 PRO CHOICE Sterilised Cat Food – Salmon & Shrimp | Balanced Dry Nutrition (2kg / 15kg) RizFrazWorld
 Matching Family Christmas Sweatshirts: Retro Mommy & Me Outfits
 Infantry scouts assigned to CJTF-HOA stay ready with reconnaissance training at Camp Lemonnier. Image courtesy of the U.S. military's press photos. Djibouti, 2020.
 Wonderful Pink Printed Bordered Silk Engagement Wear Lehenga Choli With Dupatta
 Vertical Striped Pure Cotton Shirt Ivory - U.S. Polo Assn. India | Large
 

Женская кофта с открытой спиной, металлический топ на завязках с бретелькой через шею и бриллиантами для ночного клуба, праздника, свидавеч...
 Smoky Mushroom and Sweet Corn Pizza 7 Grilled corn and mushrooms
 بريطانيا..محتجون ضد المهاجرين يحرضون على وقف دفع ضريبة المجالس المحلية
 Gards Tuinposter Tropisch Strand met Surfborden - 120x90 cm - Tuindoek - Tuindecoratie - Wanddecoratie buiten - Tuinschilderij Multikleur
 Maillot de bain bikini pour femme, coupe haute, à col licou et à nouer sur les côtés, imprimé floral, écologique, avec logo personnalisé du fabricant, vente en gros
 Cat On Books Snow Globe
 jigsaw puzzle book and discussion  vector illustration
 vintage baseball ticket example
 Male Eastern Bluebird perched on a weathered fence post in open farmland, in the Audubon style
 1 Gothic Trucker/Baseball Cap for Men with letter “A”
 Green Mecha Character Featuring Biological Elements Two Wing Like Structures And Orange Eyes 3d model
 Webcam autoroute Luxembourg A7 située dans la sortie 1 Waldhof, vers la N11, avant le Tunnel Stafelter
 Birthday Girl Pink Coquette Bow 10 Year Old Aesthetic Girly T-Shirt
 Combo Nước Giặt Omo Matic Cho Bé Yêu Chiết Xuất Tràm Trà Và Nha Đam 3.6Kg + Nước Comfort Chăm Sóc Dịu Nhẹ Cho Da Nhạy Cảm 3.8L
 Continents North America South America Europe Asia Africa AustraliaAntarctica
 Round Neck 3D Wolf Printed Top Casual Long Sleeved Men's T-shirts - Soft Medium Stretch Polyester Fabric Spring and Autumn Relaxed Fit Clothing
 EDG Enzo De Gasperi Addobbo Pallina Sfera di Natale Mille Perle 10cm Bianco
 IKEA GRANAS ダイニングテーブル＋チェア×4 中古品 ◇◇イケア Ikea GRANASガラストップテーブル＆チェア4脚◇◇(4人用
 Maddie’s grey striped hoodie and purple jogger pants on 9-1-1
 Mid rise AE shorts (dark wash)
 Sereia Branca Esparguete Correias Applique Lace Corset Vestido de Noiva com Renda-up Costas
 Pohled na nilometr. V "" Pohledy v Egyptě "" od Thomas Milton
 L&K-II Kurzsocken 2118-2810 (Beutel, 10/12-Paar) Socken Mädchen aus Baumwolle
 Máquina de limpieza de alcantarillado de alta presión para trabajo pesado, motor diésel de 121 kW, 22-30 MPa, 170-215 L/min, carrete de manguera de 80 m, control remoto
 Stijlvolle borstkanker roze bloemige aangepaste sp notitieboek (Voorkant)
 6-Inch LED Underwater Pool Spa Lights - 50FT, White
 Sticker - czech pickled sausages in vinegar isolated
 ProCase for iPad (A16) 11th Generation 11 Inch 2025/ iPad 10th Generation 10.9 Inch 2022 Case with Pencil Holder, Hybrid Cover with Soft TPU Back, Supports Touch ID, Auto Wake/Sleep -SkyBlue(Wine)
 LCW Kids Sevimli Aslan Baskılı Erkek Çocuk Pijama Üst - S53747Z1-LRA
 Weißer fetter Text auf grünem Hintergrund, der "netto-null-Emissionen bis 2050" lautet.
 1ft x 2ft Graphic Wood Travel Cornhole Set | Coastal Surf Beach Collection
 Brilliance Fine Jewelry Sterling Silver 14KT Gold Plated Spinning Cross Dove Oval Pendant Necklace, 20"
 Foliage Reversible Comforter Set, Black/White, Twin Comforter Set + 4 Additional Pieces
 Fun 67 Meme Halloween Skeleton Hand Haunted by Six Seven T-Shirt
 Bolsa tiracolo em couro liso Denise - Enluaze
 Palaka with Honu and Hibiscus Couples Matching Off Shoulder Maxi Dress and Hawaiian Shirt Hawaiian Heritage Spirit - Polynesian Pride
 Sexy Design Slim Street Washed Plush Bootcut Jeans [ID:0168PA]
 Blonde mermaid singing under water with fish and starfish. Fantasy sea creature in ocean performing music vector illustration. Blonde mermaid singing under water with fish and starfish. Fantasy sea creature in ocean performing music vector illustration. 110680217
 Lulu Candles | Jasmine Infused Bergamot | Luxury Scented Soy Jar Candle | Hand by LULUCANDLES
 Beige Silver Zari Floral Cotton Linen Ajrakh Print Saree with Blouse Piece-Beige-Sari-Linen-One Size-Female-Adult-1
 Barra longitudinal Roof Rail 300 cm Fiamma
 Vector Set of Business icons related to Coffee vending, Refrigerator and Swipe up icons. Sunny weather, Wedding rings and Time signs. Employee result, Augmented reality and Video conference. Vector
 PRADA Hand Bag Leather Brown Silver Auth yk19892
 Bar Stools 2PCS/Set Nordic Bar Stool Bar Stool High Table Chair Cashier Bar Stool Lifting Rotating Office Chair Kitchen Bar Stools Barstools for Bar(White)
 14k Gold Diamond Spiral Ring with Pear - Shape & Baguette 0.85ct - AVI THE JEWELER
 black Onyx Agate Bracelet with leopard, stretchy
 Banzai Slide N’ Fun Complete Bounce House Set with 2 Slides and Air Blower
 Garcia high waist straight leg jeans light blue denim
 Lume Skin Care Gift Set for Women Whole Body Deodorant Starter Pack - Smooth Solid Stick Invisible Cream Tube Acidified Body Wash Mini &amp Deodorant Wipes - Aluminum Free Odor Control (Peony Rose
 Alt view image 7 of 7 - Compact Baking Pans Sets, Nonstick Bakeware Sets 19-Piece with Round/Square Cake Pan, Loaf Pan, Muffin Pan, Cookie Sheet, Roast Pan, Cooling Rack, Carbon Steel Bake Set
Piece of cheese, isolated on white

..............................

Within the material above, how many lines include the string "Inch"? Give only the number.

2